Blog 1366 – 06.16.2019
“The Toughest Job You’ll Ever Love”
Much is said of Mothers on Mother’s Day and rightfully so for they are often unsung heroes in the war for our souls. But dads too are in many cases willing combatants in that conflict equally willing to give their all to insure the best success of their children. Some years ago I bought an O. D. Green (Olive Drab) tee-shirt that has in bold black letters on the front: “Dad – The Toughest Job You’ll Ever Love.” I wear it often throughout the year to remind me that I had a wonderful dad and that I have tried to be one for my children.
My daughter Em has departed this life and this will be my seventh Father’s Day without her. Sons just do not make a big deal about Dad’s Day the way that daughters do. But I am proud of my grown son, Jon, Jay, Jonathan. When he was about the age that he was in the above picture I often called him, “You Little Terrorist” for the way he seemed to be willing to do anything to get his way. I remember writing in a blog recently that what we see in others is only a reflection of something we do not wish to see in ourselves. Ouch, Amen, or I am the man.

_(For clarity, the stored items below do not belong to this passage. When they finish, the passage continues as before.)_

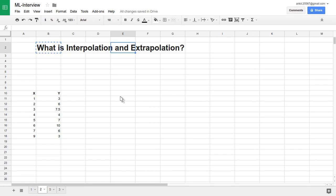Hello friends, welcome to the video lecture series on machine learning interview questions and answers. In this lecture, we are going to see about one more important question: what is interpolation and what is extrapolation? This concept of interpolation and extrapolation is mainly related to predicting the data value where we don't have data.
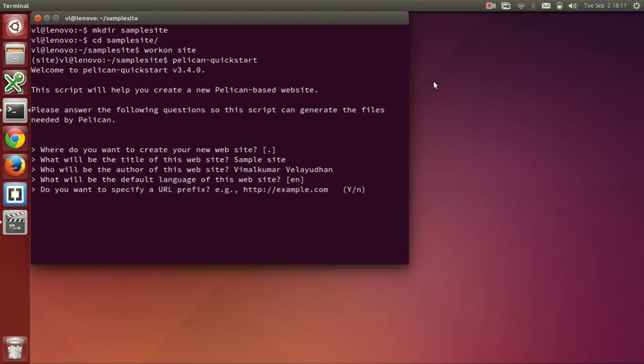The next question is do you want to specify a URL prefix. Now, this is useful if you have already set up a domain for your website. In my case, I don't have one yet. So, I will just say no.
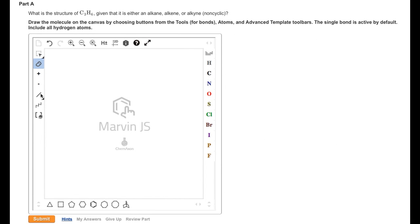This video provides a brief introduction to the Mastering Chemistry Organic Structure Drawing Tool.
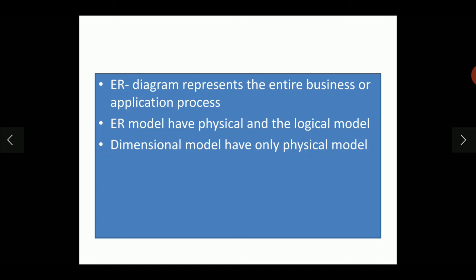The ER diagram represents the entire business or application process. The ER model has both the physical model as well as the logical model, whereas in dimensional model, we have only the physical model.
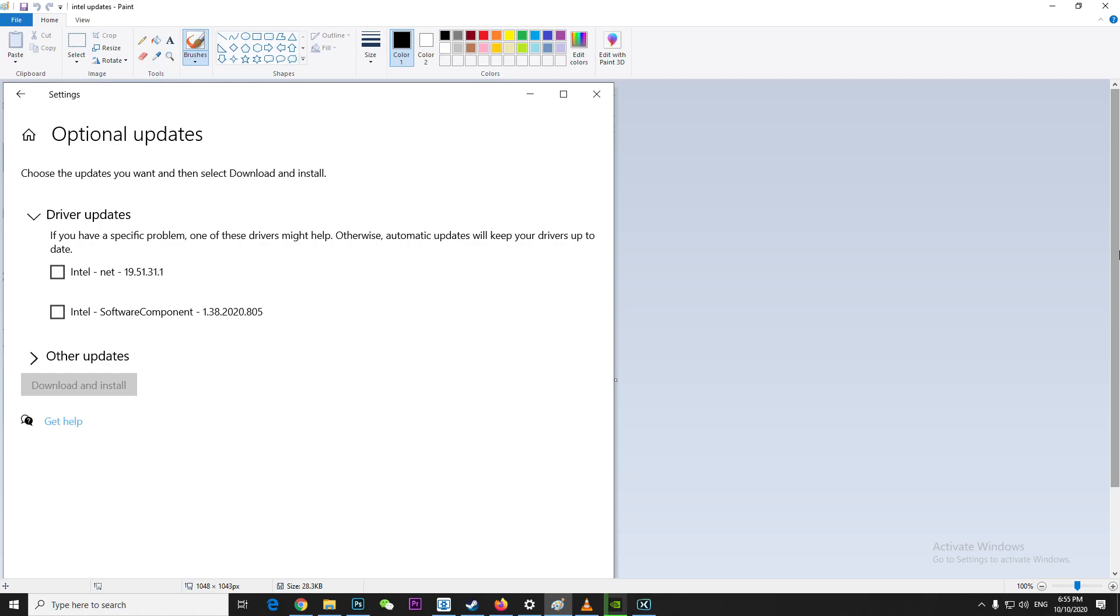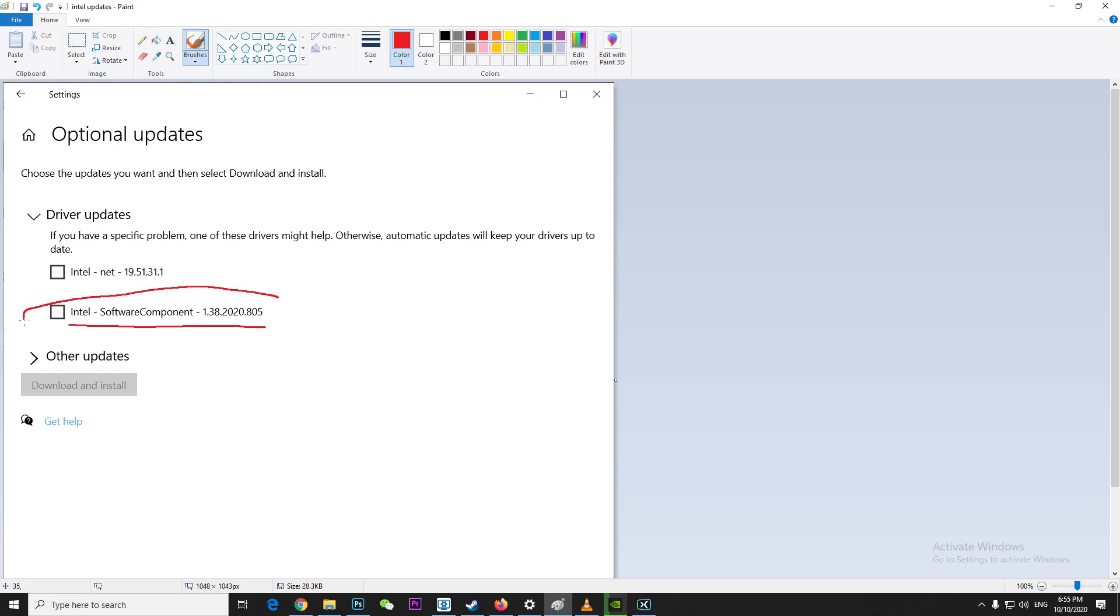Hey guys, let's talk about the Intel update. If you have an Intel processor and you're seeing the update for Intel software components version 1.38.2020.805, what does this update mean?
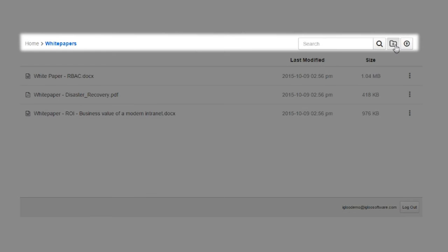The top menu has breadcrumbs to show you where you are in your folders and a search bar to find particular files.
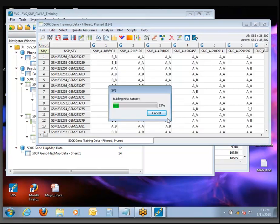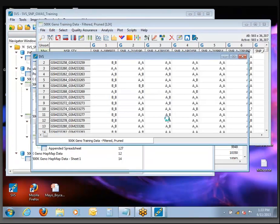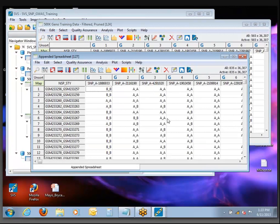This one takes a bit longer than the Join or Merge because it actually is going to rewrite the data set on disk, whereas the others are just creating a new view in a relational sense.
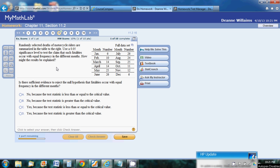We're going to look at a problem here about how to conduct a goodness of fit test. We have randomly selected deaths of motorcycle riders, and we want to use a 0.05 significance level to test the claim that these fatalities occur with equal frequency in all those different months.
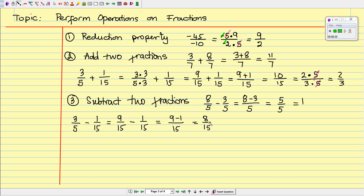Now can we reduce 8 over 15? The factors of 8 are 4 times 2, and the factors of 15 are 3 times 5. They have nothing in common, so we cannot reduce. The final answer is 8 over 15. So let's move on to property number 4.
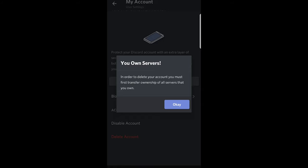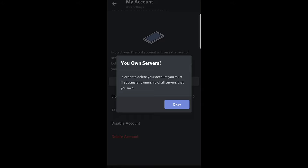If you own any servers, it will tell you. First, you will need to delete your servers. I already created a video on how you can do that as well. After you have done this, you will be able to delete your account by following these steps.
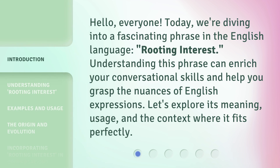Hello, everyone. Today, we're diving into a fascinating phrase in the English language: Rooting Interest. Understanding this phrase can enrich your conversational skills and help you grasp the nuances of English expressions. Let's explore its meaning, usage, and the context where it fits perfectly.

I loved Jonathan David James Wallace White even before he was born. I was actually praying for his arrival forty years before he was born – every day I was in South Vietnam in 1970. The second and third of his middle names are his grandpas and they are both gone now. I hope he outlives the first of those three middle names too – me. But then I intended for Emily to do that as well but she must have learned enough about living and loving in thirty-two years to earn herself an “early release.” That is what they called getting out of your military enlistment early for special circumstances like going to college. I received one of those early releases.
Oh, I am not asking for an early release from this life but as a loving parent I would gladly tack whatever time I have left onto Jay’s life span to insure that he outlives me and has a longer and more rewarding life. I have had a great time and have hung around long enough to become quite found of myself – given a chance I grow on anyone even myself. I might buy myself a new Father’s Day shirt this year. The best buys are after Father’s Day.
So Son, save your money to spend on my grandchildren that you will father perhaps someday. You already gave me the greatest gift a child ever could – you were born and made me a dad for the second time. In one of my favorite songs to sing, “Little Rock” by Collin Ray, there is the line where the singer quotes the girl’s dad saying after he had disappointed her terribly, “You know your daddy told me when I left, ‘Jesus would forgive but a daddy don’t forget.” I know what he meant but true love and forgiveness always involve a lot of forgetting. For all the wonderful memories I have of you, I hope you will forgive me and in time forget all the things, that I did and said wrong, and I hope you are twice the dad I ever was. There may be hope for me yet, my daddy was a far better grand dad than a dad. Some of us do get better with practice.